Página/12: Há quem diga que a postulação presidencial de Solanas poderia tirar votos de Néstor Kirchner.

Ernesto Laclau: Não, definitivamente não é o mesmo eleitorado. Além disso, a sua política é tão confusa e oportunista que as mesmas pessoas que votaram em Pino Solanas se encontram desencantadas.

Página/12: Há espaço para a esquerda do kirchnerismo?

Ernesto Laclau: Sim: Martín Sabbatella. Hoje, pode ser um pólo de construção para forças de centro-esquerda em uma aliança para a Presidência, e de uma transversalidade mais real do que a do passado.

Página/12: O que quer dizer quando afirma que o kirchnerismo é um significante aberto?

Ernesto Laclau: É um significante aberto no sentido de que tudo o que começou em 2003, começa agora a tomar conteúdo. Em 2003 era pouca coisa: Kirchner foi escolhido candidato por um desses movimentos internos quase incompreensíveis do peronismo e começou a fixar-se no imaginário coletivo com uma certa ideia de unidade ou de acordo, dado que tem que representar um arco bastante amplo de forças.

Afortunadamente, seu núcleo político é suficientemente esperto para não se lançar ingenuamente na condução de um partido ideológico. A incorporação das diferentes forças que se uniram sobre a denominação de “kirchnerismo” é a mesma política que fez Lula no Brasil.

O Partido dos Trabalhadores é ideologicamente muito limitado, mas quandou chegou ao governo teve que adotar uma política na transversalidade com grupos de centro-esquerda. As alianças são outras, e não necesariamente têm que competir entre elas. Além disso, tem uma excelente presidenta no Banco Central que espera-se possa continuar e jogar um papel político claro.

Página/12:
Por que você diz que a divisão entre o Estado e a sociedade civil está se apagando?

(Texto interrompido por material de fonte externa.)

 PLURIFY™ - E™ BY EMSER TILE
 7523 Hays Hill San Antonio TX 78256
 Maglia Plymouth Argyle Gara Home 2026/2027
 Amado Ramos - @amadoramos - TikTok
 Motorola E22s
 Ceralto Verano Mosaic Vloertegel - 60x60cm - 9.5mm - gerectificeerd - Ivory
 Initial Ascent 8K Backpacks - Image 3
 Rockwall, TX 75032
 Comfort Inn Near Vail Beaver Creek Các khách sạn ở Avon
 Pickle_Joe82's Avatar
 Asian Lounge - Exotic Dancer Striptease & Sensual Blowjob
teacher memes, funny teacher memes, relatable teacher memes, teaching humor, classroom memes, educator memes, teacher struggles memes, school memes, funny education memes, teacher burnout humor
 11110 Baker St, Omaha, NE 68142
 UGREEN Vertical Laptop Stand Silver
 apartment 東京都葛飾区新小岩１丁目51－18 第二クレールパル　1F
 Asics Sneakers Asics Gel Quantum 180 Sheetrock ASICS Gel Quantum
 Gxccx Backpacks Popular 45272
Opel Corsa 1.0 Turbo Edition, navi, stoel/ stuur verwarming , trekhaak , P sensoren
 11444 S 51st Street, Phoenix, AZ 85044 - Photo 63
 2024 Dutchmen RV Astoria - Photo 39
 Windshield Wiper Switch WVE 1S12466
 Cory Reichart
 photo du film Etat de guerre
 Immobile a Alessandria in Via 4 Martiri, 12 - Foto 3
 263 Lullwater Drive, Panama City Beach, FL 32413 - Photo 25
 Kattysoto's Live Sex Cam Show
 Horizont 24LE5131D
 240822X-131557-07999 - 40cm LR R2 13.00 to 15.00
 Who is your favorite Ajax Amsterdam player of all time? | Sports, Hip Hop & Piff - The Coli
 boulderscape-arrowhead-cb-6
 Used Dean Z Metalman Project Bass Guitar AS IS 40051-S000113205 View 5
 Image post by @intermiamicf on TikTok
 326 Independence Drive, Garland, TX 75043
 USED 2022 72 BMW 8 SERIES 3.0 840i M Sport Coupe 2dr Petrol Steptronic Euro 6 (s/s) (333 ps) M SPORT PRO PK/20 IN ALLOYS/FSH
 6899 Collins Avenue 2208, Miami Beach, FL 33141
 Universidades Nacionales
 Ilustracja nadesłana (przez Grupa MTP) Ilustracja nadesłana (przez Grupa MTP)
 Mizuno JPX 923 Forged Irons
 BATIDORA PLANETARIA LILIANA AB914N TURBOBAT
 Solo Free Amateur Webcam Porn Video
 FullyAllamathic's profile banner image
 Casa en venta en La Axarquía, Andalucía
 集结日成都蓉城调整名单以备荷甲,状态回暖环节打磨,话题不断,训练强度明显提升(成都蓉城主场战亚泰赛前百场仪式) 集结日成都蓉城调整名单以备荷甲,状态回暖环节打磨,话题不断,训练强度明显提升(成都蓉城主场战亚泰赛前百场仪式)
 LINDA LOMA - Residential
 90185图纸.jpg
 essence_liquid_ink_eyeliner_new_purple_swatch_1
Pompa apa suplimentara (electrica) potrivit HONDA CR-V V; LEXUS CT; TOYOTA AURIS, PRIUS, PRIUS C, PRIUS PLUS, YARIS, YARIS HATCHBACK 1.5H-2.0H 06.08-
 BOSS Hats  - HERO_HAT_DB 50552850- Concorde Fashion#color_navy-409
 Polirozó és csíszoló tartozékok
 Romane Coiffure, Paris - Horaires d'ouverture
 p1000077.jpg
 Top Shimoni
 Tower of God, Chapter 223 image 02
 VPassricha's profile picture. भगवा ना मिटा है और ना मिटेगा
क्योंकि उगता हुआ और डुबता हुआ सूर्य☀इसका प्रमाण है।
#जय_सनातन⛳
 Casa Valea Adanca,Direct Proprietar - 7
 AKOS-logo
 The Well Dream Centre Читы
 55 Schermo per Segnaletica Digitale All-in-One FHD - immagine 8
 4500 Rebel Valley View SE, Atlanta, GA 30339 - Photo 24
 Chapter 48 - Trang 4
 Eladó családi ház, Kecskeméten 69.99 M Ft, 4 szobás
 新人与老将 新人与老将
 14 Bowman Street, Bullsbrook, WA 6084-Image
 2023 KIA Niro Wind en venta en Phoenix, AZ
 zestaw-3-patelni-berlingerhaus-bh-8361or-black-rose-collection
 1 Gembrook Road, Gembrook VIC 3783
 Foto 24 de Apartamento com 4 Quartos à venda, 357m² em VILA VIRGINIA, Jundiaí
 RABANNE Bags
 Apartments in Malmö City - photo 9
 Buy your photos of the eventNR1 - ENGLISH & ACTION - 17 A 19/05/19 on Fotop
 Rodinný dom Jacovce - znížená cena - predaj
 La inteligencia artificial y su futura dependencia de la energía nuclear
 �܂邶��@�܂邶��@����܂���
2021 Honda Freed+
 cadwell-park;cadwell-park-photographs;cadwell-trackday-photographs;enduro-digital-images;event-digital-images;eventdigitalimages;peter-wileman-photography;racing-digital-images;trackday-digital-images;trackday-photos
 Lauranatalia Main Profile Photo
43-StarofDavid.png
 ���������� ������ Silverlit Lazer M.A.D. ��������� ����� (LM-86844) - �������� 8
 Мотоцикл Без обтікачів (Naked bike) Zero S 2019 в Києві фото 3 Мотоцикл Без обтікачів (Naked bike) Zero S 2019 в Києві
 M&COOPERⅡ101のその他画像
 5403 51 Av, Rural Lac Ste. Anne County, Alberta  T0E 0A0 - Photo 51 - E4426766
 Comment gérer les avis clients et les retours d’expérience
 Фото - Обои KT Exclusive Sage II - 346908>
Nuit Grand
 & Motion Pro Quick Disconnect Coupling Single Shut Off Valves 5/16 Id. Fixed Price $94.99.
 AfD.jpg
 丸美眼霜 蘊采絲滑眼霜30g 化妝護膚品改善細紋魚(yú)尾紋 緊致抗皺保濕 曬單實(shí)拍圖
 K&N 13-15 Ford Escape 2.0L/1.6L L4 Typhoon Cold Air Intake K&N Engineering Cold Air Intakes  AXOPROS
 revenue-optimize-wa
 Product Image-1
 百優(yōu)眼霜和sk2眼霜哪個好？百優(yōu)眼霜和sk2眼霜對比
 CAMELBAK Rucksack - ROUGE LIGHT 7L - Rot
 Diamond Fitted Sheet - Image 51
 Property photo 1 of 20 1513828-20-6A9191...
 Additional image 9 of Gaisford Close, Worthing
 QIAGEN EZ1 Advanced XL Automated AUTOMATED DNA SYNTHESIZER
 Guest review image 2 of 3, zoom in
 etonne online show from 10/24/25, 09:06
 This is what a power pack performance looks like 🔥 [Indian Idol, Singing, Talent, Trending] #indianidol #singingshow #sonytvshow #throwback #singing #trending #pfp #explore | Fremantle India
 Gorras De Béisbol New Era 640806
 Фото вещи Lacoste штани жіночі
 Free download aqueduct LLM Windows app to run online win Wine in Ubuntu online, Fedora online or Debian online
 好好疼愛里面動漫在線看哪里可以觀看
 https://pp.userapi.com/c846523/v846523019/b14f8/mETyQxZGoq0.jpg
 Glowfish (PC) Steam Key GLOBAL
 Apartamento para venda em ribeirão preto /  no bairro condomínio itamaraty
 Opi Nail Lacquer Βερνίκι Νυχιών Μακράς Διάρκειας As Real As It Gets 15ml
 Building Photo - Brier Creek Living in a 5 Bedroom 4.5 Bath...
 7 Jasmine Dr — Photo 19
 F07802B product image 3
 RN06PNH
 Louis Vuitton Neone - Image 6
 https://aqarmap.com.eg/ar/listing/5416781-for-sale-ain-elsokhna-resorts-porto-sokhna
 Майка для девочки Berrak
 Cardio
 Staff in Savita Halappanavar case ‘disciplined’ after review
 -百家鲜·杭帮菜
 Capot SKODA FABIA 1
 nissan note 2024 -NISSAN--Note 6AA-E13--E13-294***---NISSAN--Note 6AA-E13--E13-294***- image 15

Ernesto Laclau: Porque houve uma politização de setores da sociedade civil. Faz quarenta anos, se alguém pensasse em que setor da sociedade estava politizado, dizia: os sindicatos. Mas hoje, além dos sindicatos, têm-se outras organizações.

Depois de 2001 começaram os movimentos de fábricas recuperadas, os piqueteiros, mobilizações na sociedade que conduzem na ampliação do espectro democrático. Estas organizações são quase estatais, participam ativamente da esfera política. O kirchnerismo foi favorecido por esse tipo de movimentos.

Página/12: Chantal Mouffe argumenta que todo governo constroi um “nós” e um “eles”. Você argumenta, que no começo, o kirchnerismo contruiu o “eles” no menemismo. Qual seria o atual?

Ernesto Laclau:
O poder financeiro das corporações, claramente.

Página/12: E o caso dos meios de comunicação?

Ernesto Laclau: Os meios estão organizados de forma monopolizada, pouco democrática. O caso da imprensa é claro nesse sentido, é um monópolio que a partir de agora deixará de existir. O Congresso poderá impor alguns obstáculos, mas o tema já está em debate.

É um momento de abertura. Parece-me que a batalha política tem que se dar em uma base diferente em relação aos meios, e caso prevaleçam situações de monopólios, a guerra está perdida. Precisamos que exista mais Canal 7 e mais Página/12.

Página/12: Faz pouco tempo se disse que kirchnerismo assumiu uma reforma do Estado, com a substituição da cúpula militar e a reforma da Corte Suprema. Quais seriam os próximos passos?

Ernesto Laclau: Os passos já estão dados. O governo assinou a lei dos meios de comunicação e tem avançado na reforma do sistema previdenciário, eliminando uma das piores formas que prevaleciam nos anos 90. Também tem implementado a proteção social por filho, que ainda é pouco, mas que se trata de um passo importante. O nível de pobreza do país está claramente baixando.